Action item
Your response should consist of the records, reproduced exactly.

----- Recorded data -----

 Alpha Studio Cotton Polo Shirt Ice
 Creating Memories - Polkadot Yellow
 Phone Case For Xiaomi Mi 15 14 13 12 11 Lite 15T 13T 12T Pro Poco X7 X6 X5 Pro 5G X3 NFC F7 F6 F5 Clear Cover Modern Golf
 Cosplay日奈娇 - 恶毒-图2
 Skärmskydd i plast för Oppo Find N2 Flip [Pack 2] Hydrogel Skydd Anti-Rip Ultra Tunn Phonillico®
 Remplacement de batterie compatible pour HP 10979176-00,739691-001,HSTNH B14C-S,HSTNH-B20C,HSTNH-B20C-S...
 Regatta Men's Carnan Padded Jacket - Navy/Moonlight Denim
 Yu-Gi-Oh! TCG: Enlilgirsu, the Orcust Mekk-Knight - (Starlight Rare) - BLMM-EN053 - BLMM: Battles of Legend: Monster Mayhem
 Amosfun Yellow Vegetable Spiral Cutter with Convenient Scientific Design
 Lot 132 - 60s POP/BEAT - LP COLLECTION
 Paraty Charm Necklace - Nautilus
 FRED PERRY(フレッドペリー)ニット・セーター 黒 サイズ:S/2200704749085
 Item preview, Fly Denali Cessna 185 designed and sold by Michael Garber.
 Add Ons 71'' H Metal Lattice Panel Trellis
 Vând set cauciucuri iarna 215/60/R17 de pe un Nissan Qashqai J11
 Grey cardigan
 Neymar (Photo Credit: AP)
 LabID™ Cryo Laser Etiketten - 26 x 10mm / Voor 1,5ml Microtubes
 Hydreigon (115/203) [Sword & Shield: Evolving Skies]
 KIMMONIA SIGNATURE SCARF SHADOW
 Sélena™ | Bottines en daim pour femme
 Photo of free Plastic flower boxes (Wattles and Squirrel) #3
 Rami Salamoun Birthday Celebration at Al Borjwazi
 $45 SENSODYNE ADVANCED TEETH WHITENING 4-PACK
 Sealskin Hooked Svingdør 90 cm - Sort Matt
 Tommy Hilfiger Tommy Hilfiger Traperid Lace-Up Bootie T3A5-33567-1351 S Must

-----

Exercise output
 Alpha Studio Cotton Polo Shirt Ice
 Creating Memories - Polkadot Yellow
 Phone Case For Xiaomi Mi 15 14 13 12 11 Lite 15T 13T 12T Pro Poco X7 X6 X5 Pro 5G X3 NFC F7 F6 F5 Clear Cover Modern Golf
 Cosplay日奈娇 - 恶毒-图2
 Skärmskydd i plast för Oppo Find N2 Flip [Pack 2] Hydrogel Skydd Anti-Rip Ultra Tunn Phonillico®
 Remplacement de batterie compatible pour HP 10979176-00,739691-001,HSTNH B14C-S,HSTNH-B20C,HSTNH-B20C-S...
 Regatta Men's Carnan Padded Jacket - Navy/Moonlight Denim
 Yu-Gi-Oh! TCG: Enlilgirsu, the Orcust Mekk-Knight - (Starlight Rare) - BLMM-EN053 - BLMM: Battles of Legend: Monster Mayhem
 Amosfun Yellow Vegetable Spiral Cutter with Convenient Scientific Design
 Lot 132 - 60s POP/BEAT - LP COLLECTION
 Paraty Charm Necklace - Nautilus
 FRED PERRY(フレッドペリー)ニット・セーター 黒 サイズ:S/2200704749085
 Item preview, Fly Denali Cessna 185 designed and sold by Michael Garber.
 Add Ons 71'' H Metal Lattice Panel Trellis
 Vând set cauciucuri iarna 215/60/R17 de pe un Nissan Qashqai J11
 Grey cardigan
 Neymar (Photo Credit: AP)
 LabID™ Cryo Laser Etiketten - 26 x 10mm / Voor 1,5ml Microtubes
 Hydreigon (115/203) [Sword & Shield: Evolving Skies]
 KIMMONIA SIGNATURE SCARF SHADOW
 Sélena™ | Bottines en daim pour femme
 Photo of free Plastic flower boxes (Wattles and Squirrel) #3
 Rami Salamoun Birthday Celebration at Al Borjwazi
 $45 SENSODYNE ADVANCED TEETH WHITENING 4-PACK
 Sealskin Hooked Svingdør 90 cm - Sort Matt
 Tommy Hilfiger Tommy Hilfiger Traperid Lace-Up Bootie T3A5-33567-1351 S Must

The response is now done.